Поэтическое мастерство и даже некоторое щегольство для Брассенса не просто один из элементов литературной игры. Это художественное credo, во многом определяющее всю его поэтику. Практически в каждой своей песне Брассенс ставит себе какую-то весьма сложную формально-поэтическую задачу и с блеском ее решает. Он, что называется, мастер par excellence. Для него, как, пожалуй, ни для кого другого, важно не что, а как. То есть важна и интересна не сама по себе незатейливая история о деревенской красотке Елене в песне «Les sabots d’Hélène» («Башмаки Елены»), а в первую очередь то, что, рассказывая эту историю, он в 60 строках с весьма, заметим, прихотливой строфикой легко и непринужденно обошелся только тремя рифмами. Уверяю вас, это невероятно сложно, если, конечно, работать на высоком уровне. Впрочем, для Брассенса это не предел. К примеру, у него есть песня «Кларетта и муравей», в которой 48 строк легко, изящно и непринужденно написаны всего на двух рифмах.
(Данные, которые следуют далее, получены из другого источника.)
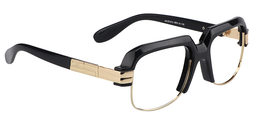 Stanley Square Black Glasses3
Конечно, если очень долго рыться, то в русской поэзии, наверно, можно где-нибудь на периферии, у каких-нибудь завзятых формалистов-экспериментаторов отыскать подобные упражнения, но у русских поэтов первого да и второго ряда ничего даже близкого нет и в помине. Это у французов со времен Карла Орлеанского и компании в ходу такие поэтические экзерсисы и формалистические выкрутасы, а в русской поэзии они как-то не привились. У нас поэтическая виртуозность никогда не была в особой чести, а если и проявлялась, то преимущественно в другом. Притом, что русский язык, в отличие от французского, принято считать богатым на рифмы. А у Брассенса, с его выраженным и не раз им самим декларированным вкусом к поэзии Средневековья, это встречается сплошь и рядом. И даже если переводчик каким-то невероятным образом исхитрится воспроизвести такие вещи на русском языке, то они будут выглядеть какой-то экзотикой и трюкачеством, тогда как для французского глаза они опять-таки вполне нормативны. Разумеется, француз оценит поэтическую виртуозность, но для него она не будет чем-то экстравагантным и из ряда вон выходящим.
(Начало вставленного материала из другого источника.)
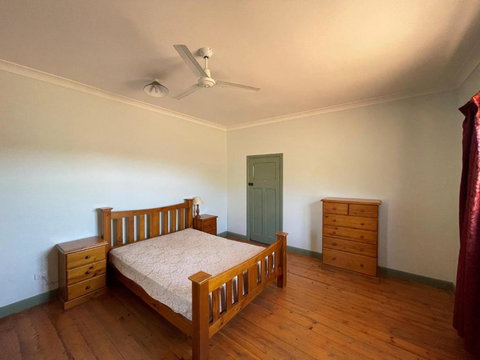 Shearers Quarters - The Dutchmans Stern Conservation Park - Hotel Accommodation 3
Таких примеров можно привести сколько угодно. И поэтому, если априори предполагается, что переводчик поэзии должен быть как минимум искусным версификатором, то в случае с Брассенсом он должен быть, так сказать, версификатором в квадрате. Любая попытка перевести песни Брассенса, лишив их поэтического блеска и лоска, отмахнувшись от его богатейшего арсенала поэтических тропов, заведомо окажется вульгаризацией и профанацией. Эти стихи нельзя «пересказать», через пень-колоду зарифмовав и с грехом пополам загнав в размер (что, к сожалению, почти всегда происходит при переводах Брассенса), — здесь требуется тонкая, виртуозная и артистичная поэтическая работа. Другими словами, для этого дела нужен не плотник, а столяр-краснодеревщик, профессионал высочайшей квалификации, способный управляться с версификационными трюками совершенно естественно и ненавязчиво. Но даже это вовсе не залог успеха.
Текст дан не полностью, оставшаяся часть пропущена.